Service setup¶
- Download latest spark from here
- Extract in your home folder:
# replace with actual url
wget -c https://<cdn-url>/spark-<version>-bin-hadoop3.tgz
tar -zxvf spark-<version>-bin-hadoop3.tgz
- rename spark folder
mv spark-<version>-bin-hadoop3 spark
- Setup environment variables
Add these lines to
~/.bashrc
export SPARK_HOME=~/spark
export PATH=$PATH:$SPARK_HOME/bin
- Reload
~/.bashrc
source ~/.bashrc
- start spark cluster
$SPARK_HOME/sbin/start-all.sh
- Check ui at
http://<hostname>:8080/. Replace hostname with your hostname
# !pip install pyspark
Accessing the Spark UI:
Once the SparkSession is created, Spark starts a web UI to monitor jobs, stages, tasks, and storage. By default, it is available at:
http://<hostname>:4040 (or 4041, 4042 if 4040 is in use). You can click the link provided in the SparkSession output.
!echo $JAVA_HOME
/usr/lib/jvm/java-21-openjdk-amd64
from pyspark.sql import SparkSession
from pyspark.sql.functions import col, sum, hour, broadcast
from pyspark.storagelevel import StorageLevel
# ⚡ Pro Tip: Using local[4] for 4 local cores.

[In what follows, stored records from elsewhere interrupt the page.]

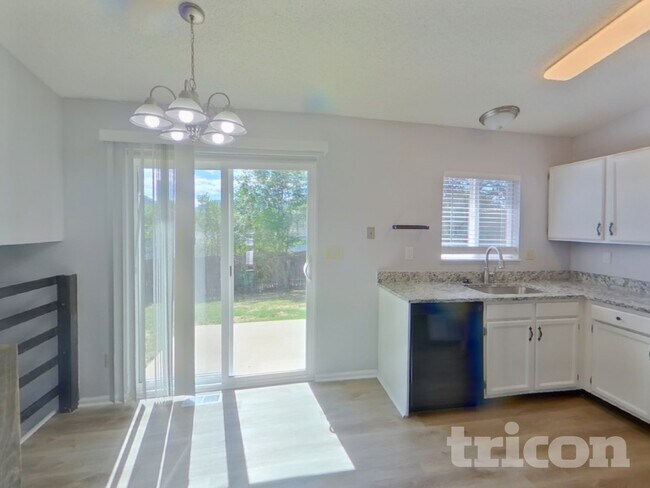 Foto del edificio - 3340 Galleria Terrace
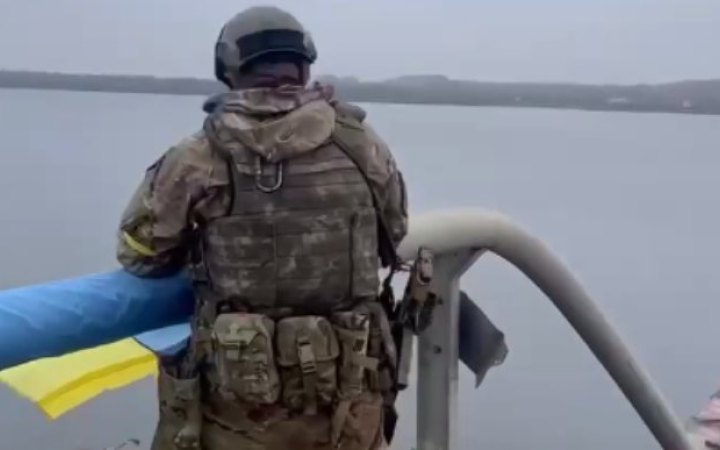 Український прапор підняли над Антонівським мостом у Херсоні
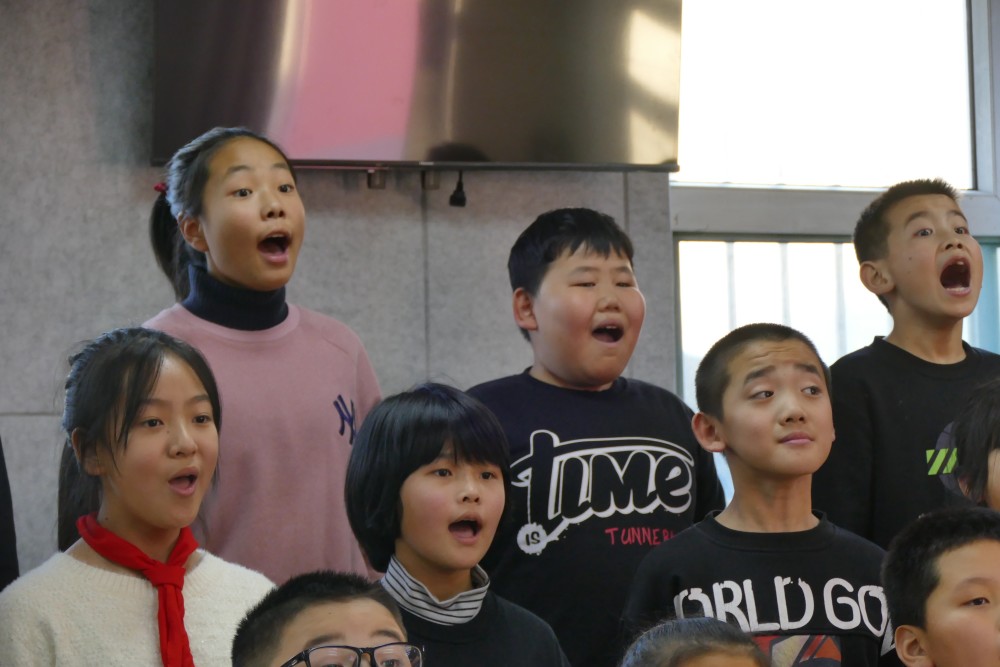 来自北京外国语大学的林嘉濠是合唱团的语言老师之一.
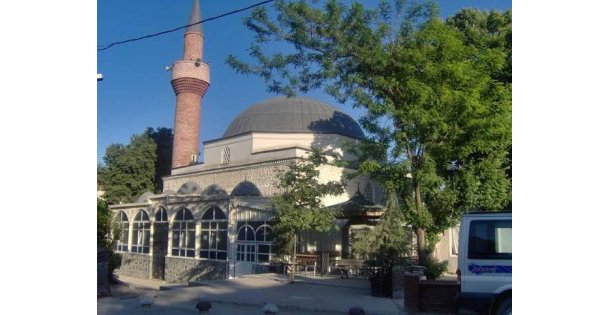 Sultan Orhan Camii ve Belediye Başkanı Zinnur Büyükgöz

spark = SparkSession.builder.master("local[4]").appName("NYC Taxi Spark Demo").getOrCreate()
spark.sparkContext.setLogLevel("ERROR")
# 👉 Open Spark UI now (typically http://localhost:4040)
spark
WARNING: Using incubator modules: jdk.incubator.vector Using Spark's default log4j profile: org/apache/spark/log4j2-defaults.properties 26/03/10 00:06:12 WARN Utils: Your hostname, gamekeepers, resolves to a loopback address: 127.0.0.1; using 192.168.1.10 instead (on interface wlp4s0) 26/03/10 00:06:12 WARN Utils: Set SPARK_LOCAL_IP if you need to bind to another address Using Spark's default log4j profile: org/apache/spark/log4j2-defaults.properties Setting default log level to "WARN". To adjust logging level use sc.setLogLevel(newLevel). For SparkR, use setLogLevel(newLevel). 26/03/10 00:06:13 WARN NativeCodeLoader: Unable to load native-hadoop library for your platform... using builtin-java classes where applicable 26/03/10 00:06:14 WARN Utils: Service 'SparkUI' could not bind on port 4040. Attempting port 4041.
SparkSession - in-memory
Dataset¶
Description¶
(Who) VendorID
(When) tpep_pickup_datetime → tpep_dropoff_datetime
(Where) PULocationID → DOLocationID
(How far) trip_distance
(How many) passenger_count
(How paid) payment_type
(Rate type) RatecodeID
(Metadata) store_and_fwd_flag
(How much) fare_amount + extra + mta_tax + tip_amount +
tolls_amount + improvement_surcharge +
congestion_surcharge + Airport_fee +
cbd_congestion_fee = total_amount
Download¶
import pandas as pd
# !mkdir -p taxi_data
# !wget -c https://d37ci6vzurychx.cloudfront.net/trip-data/yellow_tripdata_2025-01.parquet
# !wget -c https://d37ci6vzurychx.cloudfront.net/trip-data/green_tripdata_2025-01.parquet
# !wget -c https://d37ci6vzurychx.cloudfront.net/trip-data/fhv_tripdata_2025-01.parquet
# !wget -c https://d37ci6vzurychx.cloudfront.net/trip-data/fhvhv_tripdata_2025-01.parquet
# !wget -c https://d37ci6vzurychx.cloudfront.net/misc/taxi_zone_lookup.csv
df = pd.read_parquet("taxi_data/yellow_tripdata_2025-01.parquet")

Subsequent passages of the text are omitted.